Conclusion: 8 out of 10
Arabesque - The Union
Tracklist: Freaking (7:25), Haunted (7:22), Inner Voice (6:27), Last Attempt (7:33), Naked (6:14),
Captured (8:25), Instant Daydream (8:19), Heal Me (6:20), The Union (7:11), Emotions (4:48), Afraid to Fly (6:06)
|Country of Origin:||Holland|
|Record Label:||Lion Music|
|Catalogue #:||LMC2216 2|
|Year of Release:||2002|
Arabesque was originally founded in the Netherlands back in 1989 as an instrumental trio, then consisting of Joop Wolters, Marc van Mierlo and Barend Tromp (the latter later known from Lemur Voice). During the 13 years it has taken for Arabesque to finally release a full length debut album, this setting has altered entirely. Tromp is no longer playing with the band and apart from Wolters (guitars, backing vocals) and van Mierlo (drums), the band now consist of Frank de Groot (grunts, bass), Katja Salemi (vocals), Nicole de Seriere du Bizournet (vocals including some rap) and René Ubachs (keyboards, backing vocals). As can be understood from this line-up, it is quite clear that Arabesque is no longer an instrumental band, and I personally think they have gained from it.

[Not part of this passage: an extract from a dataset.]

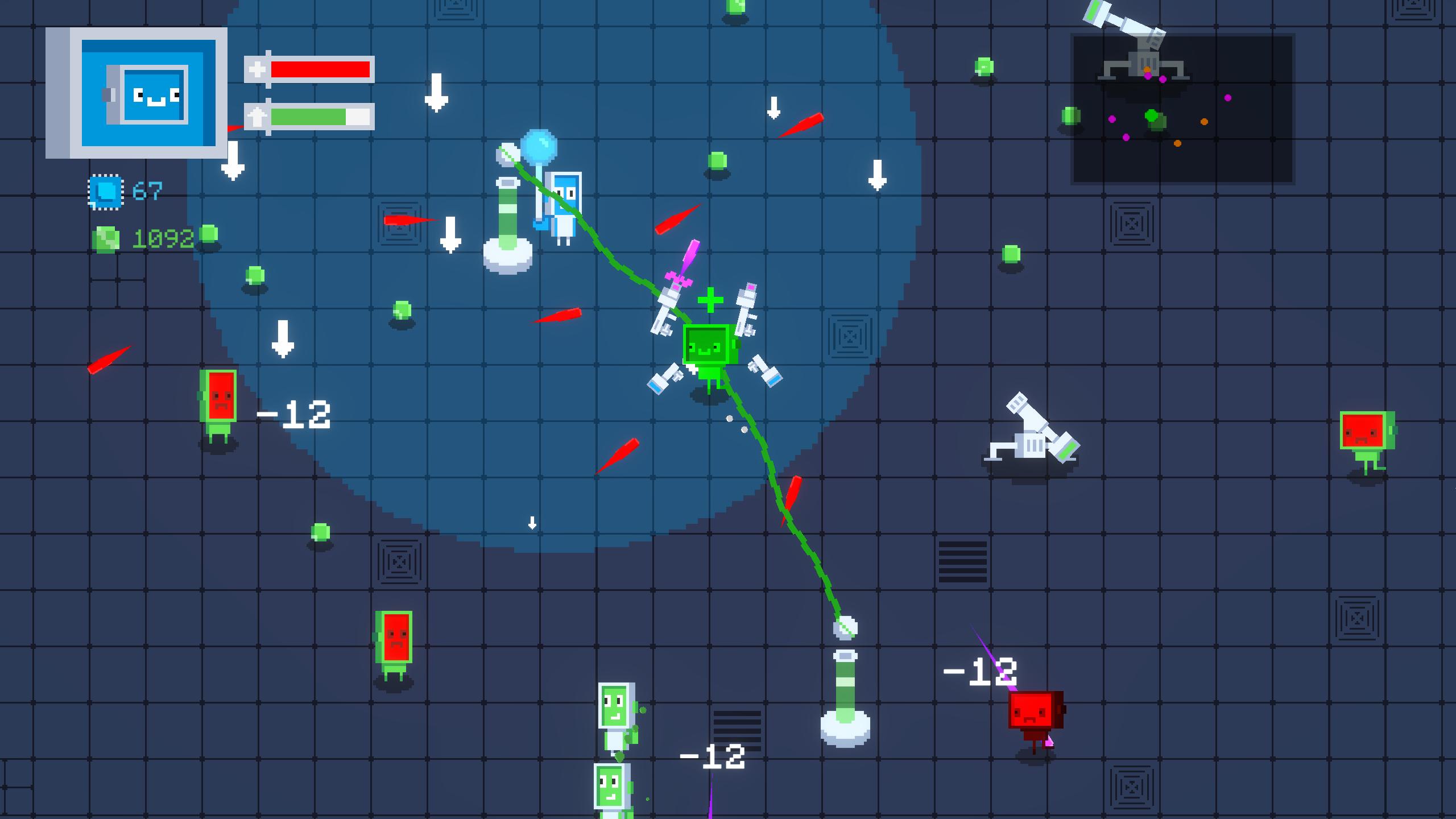 Glitch hunter — screenshot 6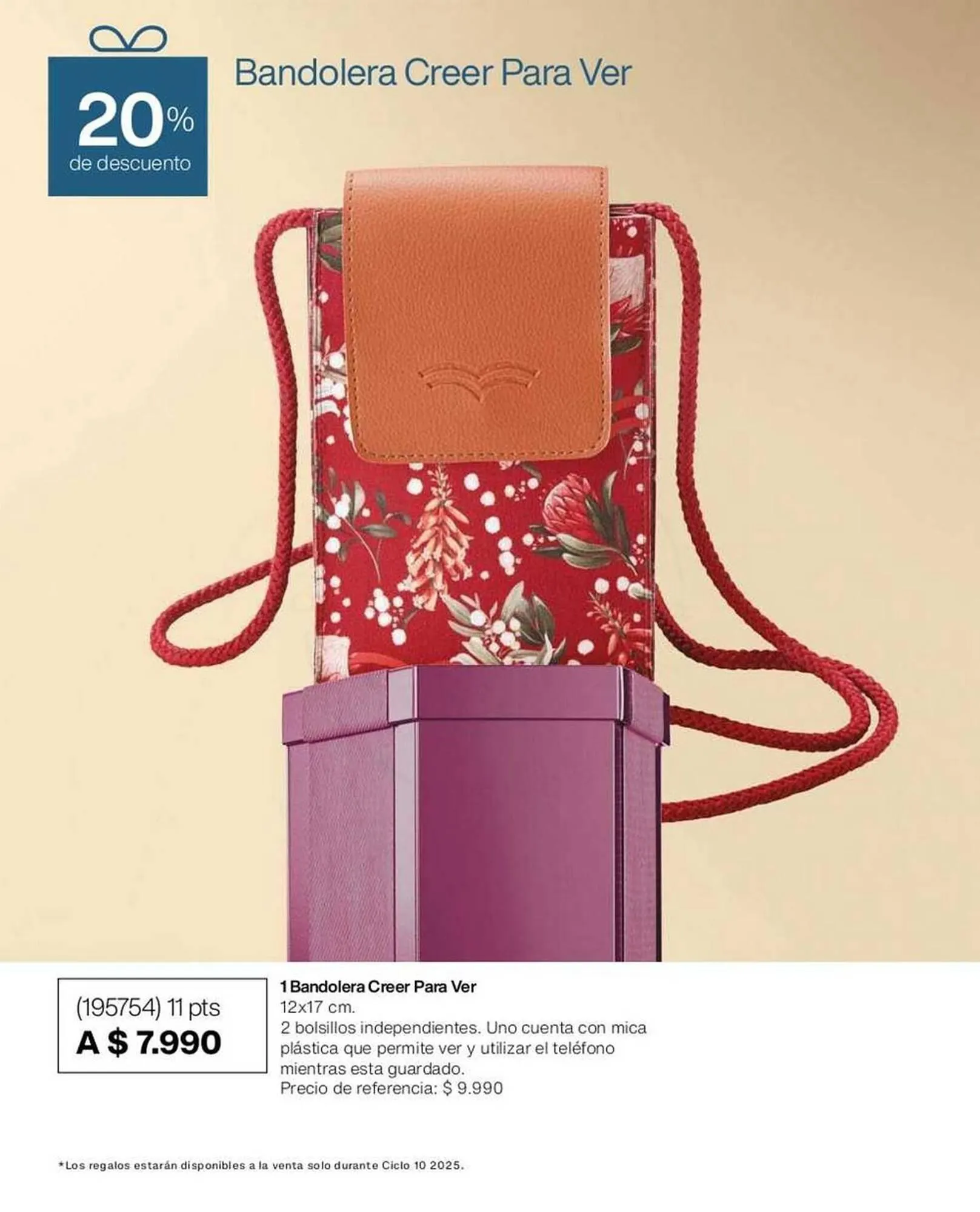 Catálogo de Catálogo Natura 1 de octubre al 31 de octubre 2025 - Página 4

The many vocals contribute to an interesting mix. Neither de Seriere du Bizournet nor Salemi have typical female voices, but coarser, rockier - comparable to singers like Maria Sjöholm (from the Swedish band Drain) and Anouk. This suits me just fine as I think female vocals in rock and metal (progressive or not) are very often used in a far too sweet manner. The addition of de Groot's grunts is reminiscent of the type of bands (e.g. After Forever, Opeth and Wolverine) which has swept over the prog metal scene over the last five years or so. Nevertheless, Arabesque is doing something which I feel is something distinctly their own. The music is a somewhat slower, rather heavy kind of prog metal - at times reminding me of Dream Theater. There is also elements of pop, jazz and even some funky grooves. And de Groot's bass playing really get me going - a worthy replacement for somebody of Tromp's calibre.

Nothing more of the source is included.